By Reid Wilson - 10/22/09 03:46 PM EDT
While conservative Democrats in Congress are staying vague, one liberal organization is claiming several Blue Dogs will back a public option in the House's version of a healthcare bill.
Democracy for America, the group headed by former Vermont Gov. Howard Dean (D), claims support for a public option from 220 members of the House and 51 senators.
But a number of the members from whom he claims to have support have remained mum publicly. And some, including several members of the Blue Dog Coalition, openly oppose a public option.

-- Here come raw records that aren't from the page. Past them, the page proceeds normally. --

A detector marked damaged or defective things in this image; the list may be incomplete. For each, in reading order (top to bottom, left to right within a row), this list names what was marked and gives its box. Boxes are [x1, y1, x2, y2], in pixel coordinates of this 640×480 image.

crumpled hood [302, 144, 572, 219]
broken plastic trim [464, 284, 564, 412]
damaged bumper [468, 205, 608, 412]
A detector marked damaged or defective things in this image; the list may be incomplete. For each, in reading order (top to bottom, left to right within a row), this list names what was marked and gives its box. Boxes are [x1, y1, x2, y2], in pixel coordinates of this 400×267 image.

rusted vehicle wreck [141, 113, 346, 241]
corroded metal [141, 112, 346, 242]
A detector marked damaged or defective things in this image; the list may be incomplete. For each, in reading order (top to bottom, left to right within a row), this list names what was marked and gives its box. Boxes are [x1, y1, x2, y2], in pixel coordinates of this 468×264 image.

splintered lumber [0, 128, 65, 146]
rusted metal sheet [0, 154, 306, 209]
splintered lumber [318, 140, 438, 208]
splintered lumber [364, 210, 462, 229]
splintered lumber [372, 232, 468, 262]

Among the members from whom Dean claims to have support is Rep. Stephanie Herseth Sandlin (D-S.D.), a co-chairwoman of the Blue Dog Coalition who has said the public option would be bad for physicians.

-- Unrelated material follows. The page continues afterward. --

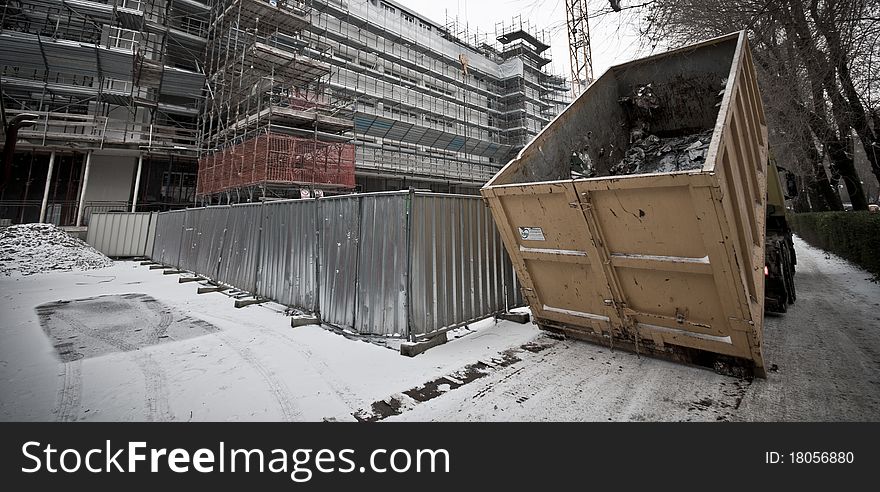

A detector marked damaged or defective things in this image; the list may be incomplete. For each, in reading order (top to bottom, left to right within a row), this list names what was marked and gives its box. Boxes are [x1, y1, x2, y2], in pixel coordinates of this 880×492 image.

rusty metal container [482, 31, 768, 376]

The National Republican Congressional Committee pounced on Dean's list, claiming it would give them ammunition to attack several vulnerable Democrats in next year's elections. Democratic Reps. John Boccieri (Ohio), Bobby Bright (Ala.), Kathy Dahlkemper (Pa.), Steve Driehaus (Ohio), Debbie Halvorson (Ill.), Betsy Markey (Colo.), Jerry McNerney (Calif.), Mark Schauer (Mich.) and Harry Teague (N.M.), all of whom are on the list, face tough reelection prospects.
"These Democrats who are on record supporting a government takeover of healthcare are now at serious risk of having their seats be taken over by a Republican challenger. If [House Speaker Nancy Pelosi] has the votes, why not put everyone on record now?" taunted Paul Lindsay, an NRCC spokesman.

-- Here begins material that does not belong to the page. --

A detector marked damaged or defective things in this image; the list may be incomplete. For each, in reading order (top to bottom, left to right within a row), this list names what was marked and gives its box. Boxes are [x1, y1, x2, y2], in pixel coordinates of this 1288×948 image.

But not every member Dean says is with him actually backs a public option. Bright told The Hill in a recent interview he opposes it, but that he has not ruled out backing a measure that more closely resembles the Senate Finance Committee bill. Asked whether Bright's support has shifted in recent days, spokesman Lewis Lowe reiterated Bright's earlier position.
"I don't know where [Dean's group is] getting it from," Lowe said. "He's definitely opposed to the public option."
Others are similarly perplexed by the website. Rep. Dennis Cardoza (D-Calif.), another Blue Dog, "has not taken a position for or against it yet," spokesman Mike Jensen said in an e-mail.
Teague told the Albuquerque (N.M.) Journal last month that he does not believe a public option is necessary. His spokeswoman said Thursday that Dean's organization had never contacted the congressman's office about healthcare reform.
But, Rickles said, some members of Congress were inadvertently placed on the wrong list. Democracy for America is correcting Bright's entry, for example.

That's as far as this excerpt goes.